A psicóloga ainda elenca outros pontos preocupantes que compõem o cenário atual, como o sucateamento da Raps, a dificuldade de ampliação da rede com a Emenda Constitucional que congela gastos em saúde e o investimento na rede privada. "a gente tem vivido principalmente de 2016 para cá uma série de retrocessos nas nossas políticas que foram instituídas com muita luta. Isso mostra a importância da nossa luta e também a fragilidade dessas conquistas na sociedade capitalista. A gente fica preocupado diante dessa situação", analisa Anny.


Atividade teve também um momento de música e ciranda com a participação de usuários do sistema de saúde e profissionais da área / Maria Lígia Barros

Todas essas questões se refletem em desdobramentos que são sentidos por quem acessa os serviços da Raps. Tony Renné, de 45 anos, é usuário do Caps AD Campo Verde - o único voltado para pessoas com problemas relacionado ao uso de álcool e drogas no município de Camaragibe, no Grande Recife -, e conta que o equipamento enfrenta uma série de problemas estruturais. 

"Deixa muito a desejar. Hoje não tem água lá. As vezes não tem gás - e quando tem gás, não tem comida. Não tem como fazer almoço lá", denuncia o usuário.


Tony Renné, de 45 anos, é usuário do Caps AD Campo Verde, em Camaragibe / Maria Lígia Barros

Segundo ele, por conta disso, as atividades dos grupos terapêuticos - um dos serviços do Caps - foram praticamente interrompidas.
"Sempre tem algum empecilho para esses grupos não estarem acontecendo.
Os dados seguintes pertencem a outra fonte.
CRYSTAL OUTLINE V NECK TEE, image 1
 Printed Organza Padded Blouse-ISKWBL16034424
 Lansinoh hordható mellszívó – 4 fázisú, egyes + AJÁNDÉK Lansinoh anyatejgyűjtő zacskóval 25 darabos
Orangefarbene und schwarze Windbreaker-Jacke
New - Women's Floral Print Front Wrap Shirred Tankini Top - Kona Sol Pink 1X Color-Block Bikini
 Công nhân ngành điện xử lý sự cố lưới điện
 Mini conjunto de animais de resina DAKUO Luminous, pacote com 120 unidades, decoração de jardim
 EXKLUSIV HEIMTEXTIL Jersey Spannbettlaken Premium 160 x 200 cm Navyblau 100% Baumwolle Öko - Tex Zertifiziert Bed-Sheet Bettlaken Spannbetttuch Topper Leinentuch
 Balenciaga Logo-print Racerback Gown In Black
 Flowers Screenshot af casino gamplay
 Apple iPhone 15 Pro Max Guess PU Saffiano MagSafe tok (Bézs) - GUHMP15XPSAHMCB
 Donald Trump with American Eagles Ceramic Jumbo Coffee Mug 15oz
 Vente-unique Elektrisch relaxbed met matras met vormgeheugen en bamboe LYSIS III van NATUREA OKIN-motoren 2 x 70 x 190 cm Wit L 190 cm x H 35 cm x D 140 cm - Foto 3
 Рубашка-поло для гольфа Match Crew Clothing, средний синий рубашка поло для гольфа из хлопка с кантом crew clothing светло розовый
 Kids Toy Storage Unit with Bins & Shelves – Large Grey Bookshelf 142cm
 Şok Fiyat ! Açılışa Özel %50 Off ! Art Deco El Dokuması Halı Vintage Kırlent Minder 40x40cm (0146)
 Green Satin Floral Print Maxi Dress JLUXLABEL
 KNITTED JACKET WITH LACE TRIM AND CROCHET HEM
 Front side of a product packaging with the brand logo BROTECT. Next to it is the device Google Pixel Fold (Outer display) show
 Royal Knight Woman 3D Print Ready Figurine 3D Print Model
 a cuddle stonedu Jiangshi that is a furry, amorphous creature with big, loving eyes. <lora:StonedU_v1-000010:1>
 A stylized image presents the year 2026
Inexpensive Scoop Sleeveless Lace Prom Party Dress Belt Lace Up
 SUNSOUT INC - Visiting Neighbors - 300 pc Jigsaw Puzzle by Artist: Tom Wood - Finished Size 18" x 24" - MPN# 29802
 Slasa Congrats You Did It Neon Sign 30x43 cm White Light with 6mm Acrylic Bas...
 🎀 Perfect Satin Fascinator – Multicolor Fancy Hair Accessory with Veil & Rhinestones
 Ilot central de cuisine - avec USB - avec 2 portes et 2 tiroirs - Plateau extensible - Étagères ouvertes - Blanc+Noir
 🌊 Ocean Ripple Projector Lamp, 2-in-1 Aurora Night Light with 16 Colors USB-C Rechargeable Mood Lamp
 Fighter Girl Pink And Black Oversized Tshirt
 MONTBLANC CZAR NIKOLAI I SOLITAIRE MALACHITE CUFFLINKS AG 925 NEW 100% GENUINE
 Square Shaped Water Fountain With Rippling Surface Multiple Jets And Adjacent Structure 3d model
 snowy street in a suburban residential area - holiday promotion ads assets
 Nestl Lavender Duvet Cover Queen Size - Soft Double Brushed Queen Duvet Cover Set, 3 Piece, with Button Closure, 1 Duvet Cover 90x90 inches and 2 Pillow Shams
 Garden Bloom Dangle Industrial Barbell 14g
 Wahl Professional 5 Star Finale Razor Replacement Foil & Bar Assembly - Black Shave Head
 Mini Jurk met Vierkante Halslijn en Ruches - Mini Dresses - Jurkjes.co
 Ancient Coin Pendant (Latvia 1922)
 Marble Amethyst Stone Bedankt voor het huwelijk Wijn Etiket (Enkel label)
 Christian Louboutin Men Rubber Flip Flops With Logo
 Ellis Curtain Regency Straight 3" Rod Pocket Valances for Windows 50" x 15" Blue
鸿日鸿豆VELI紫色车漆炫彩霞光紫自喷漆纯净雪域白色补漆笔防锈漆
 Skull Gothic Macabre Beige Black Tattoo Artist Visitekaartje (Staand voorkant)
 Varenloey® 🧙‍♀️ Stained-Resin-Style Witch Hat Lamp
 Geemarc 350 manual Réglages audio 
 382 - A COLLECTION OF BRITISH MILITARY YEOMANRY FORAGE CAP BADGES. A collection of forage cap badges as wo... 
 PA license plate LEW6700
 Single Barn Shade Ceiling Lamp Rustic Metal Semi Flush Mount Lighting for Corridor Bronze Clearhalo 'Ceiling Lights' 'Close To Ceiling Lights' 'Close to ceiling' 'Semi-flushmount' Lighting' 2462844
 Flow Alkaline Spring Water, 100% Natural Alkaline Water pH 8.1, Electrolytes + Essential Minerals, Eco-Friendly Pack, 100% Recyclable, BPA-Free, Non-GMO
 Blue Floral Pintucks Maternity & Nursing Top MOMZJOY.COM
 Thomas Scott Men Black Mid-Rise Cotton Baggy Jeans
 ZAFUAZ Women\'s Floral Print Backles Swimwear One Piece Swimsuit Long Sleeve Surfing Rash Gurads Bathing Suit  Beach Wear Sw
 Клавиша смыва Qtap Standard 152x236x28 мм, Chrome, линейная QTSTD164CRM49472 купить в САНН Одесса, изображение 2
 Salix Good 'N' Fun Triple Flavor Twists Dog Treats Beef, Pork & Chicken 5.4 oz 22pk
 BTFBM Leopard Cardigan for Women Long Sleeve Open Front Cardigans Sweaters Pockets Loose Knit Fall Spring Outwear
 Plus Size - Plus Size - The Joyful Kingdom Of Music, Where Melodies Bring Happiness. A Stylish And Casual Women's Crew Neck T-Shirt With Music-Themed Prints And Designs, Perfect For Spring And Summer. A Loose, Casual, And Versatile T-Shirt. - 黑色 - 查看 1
Isso prejudica muito a gente. Cheguei em julho, participei de dois grupos e depois parou mesmo", lamenta. A reportagem do Brasil de Fato Pernambuco procurou a Prefeitura de Camaragibe para ter um posicionamento e aguarda retorno. O espaço está aberto.

Tony participou do ato também para cobrar por melhorias nos equipamentos da Raps. "Isso é mais um movimento para a gente conquistar as coisas que faltam em todos os Caps da Região Metropolitana do Recife, para que não chegue a faltar tantas coisas que deixam a desejar no tratamento do usuário. Cada movimento que é benefício nosso eu estou aqui, não é de hoje, faz tempo. Isso é muito importante para a gente conseguir nossas conquistas", fala.

Os profissionais da Raps que estiveram na manifestação também fizeram protestos nesse sentido. A enfermeira Débora Lima trabalha no Caps AD Campo Verde e é técnica de referência da Unidade de Acolhimento dos Camarás, em Camaragibe, e conta ser difícil lidar no dia a dia com o sucateamento. "A gente vê que não tem o investimento necessário para o cuidado em serviços substitutivo, e os gestores e políticos investindo nesses outros serviços asilares. Mas o Caps continua sendo forte, resistente, e continuamos trabalhando com as possibilidades que o território dá e nós funcionários podemos dar, mesmo com esse sucateamento", diz.

O psicólogo Jorge Luiz da Silva, que atua no Caps AD Espaço Travessia René Ribeiro, levanta que essa não é uma questão apenas municipal, destacando o processo de desinvestimento do Governo Federal, que é quem dá um direcionamento à política pública e garante boa parte do recurso para a efetivação dos serviços do SUS. "Ao mesmo tempo que se extingue o financiamento dos serviços da Raps, por outro lado se oferece financiamento bem expressivo para as CTs e agora diretamente o retorno dos hospitais psiquiatricos. O Governo Federal lançou um edital de R$ 10 milhões para reabertura de hospital psiquiátrico", critica.

Ainda assim, ele acrescenta que o movimento tem enfrentado dificuldades na cidade do Recife. "A gente tem um líder [o prefeito João Campos (PSB)] que de alguma maneira está alinhado com a bancada evangélica, e a gente tem uma bancada na nossa Câmara dos Vereadores que é de muito de base evangélica. Essa base está muito ligada porque são os donos das CTs, então o interesse está todo aí. A prefeitura lançou um edital oferecendo R$ 2,4 milhões para vagas em comunidade terapêutica, e nossos vereadores alinhados até tentaram cancelar, mas tivemos uma derrota esmagadora, porque é de interesse de quem está no poder no momento", aponta.

A passeata terminou no Parque Amorim, com um momento de música e ciranda, às 16h. Estiveram presentes no ato o vereador do Recife e pré-candidato a deputado estadual Ivan Moraes (PSOL) e o pré-candidato a governador Jones Manoel (PCB).